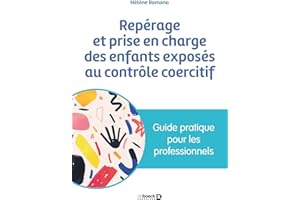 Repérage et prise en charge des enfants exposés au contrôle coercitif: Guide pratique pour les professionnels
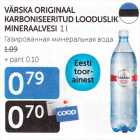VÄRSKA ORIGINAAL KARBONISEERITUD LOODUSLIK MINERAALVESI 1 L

------------------------------

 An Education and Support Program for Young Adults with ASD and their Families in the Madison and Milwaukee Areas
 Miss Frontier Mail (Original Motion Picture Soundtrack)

------------------------------

**Problem details:**
Could the stretch from the line with "Repérage et prise" through the line with "VÄRSKA ORIGINAAL KARBONISEERITUD" in the listing above be restated word for word, minus the pictures?

**Answer for this exercise:**
 Repérage et prise en charge des enfants exposés au contrôle coercitif: Guide pratique pour les professionnels
VÄRSKA ORIGINAAL KARBONISEERITUD LOODUSLIK MINERAALVESI 1 L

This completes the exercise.